▶ [Material provided]:
= Beginning of Section =
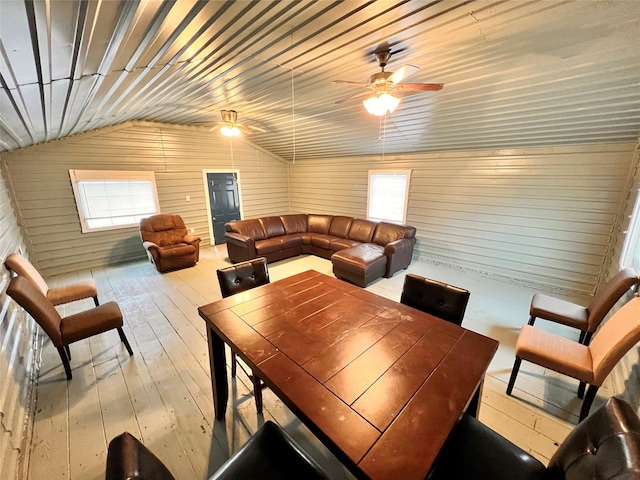 dining room featuring light hardwood / wood-style flooring, wooden ceiling, ceiling fan, and wood walls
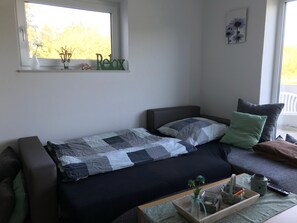 A small, cozy room with a bed, a window, a small table, and a couch.
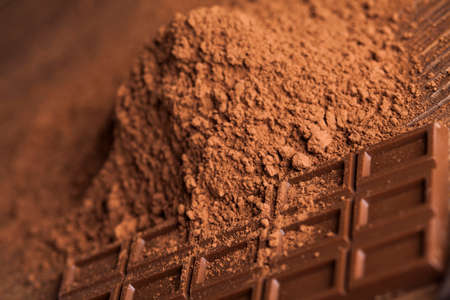 Dark homemade chocolate bars and cocoa pod on woodenの写真素材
= End of Section =
▶ [Required work]:
Could you reproduce the data above exactly, without its pictures?

▶ [Response]:
 dining room featuring light hardwood / wood-style flooring, wooden ceiling, ceiling fan, and wood walls
 A small, cozy room with a bed, a window, a small table, and a couch.
 Dark homemade chocolate bars and cocoa pod on woodenの写真素材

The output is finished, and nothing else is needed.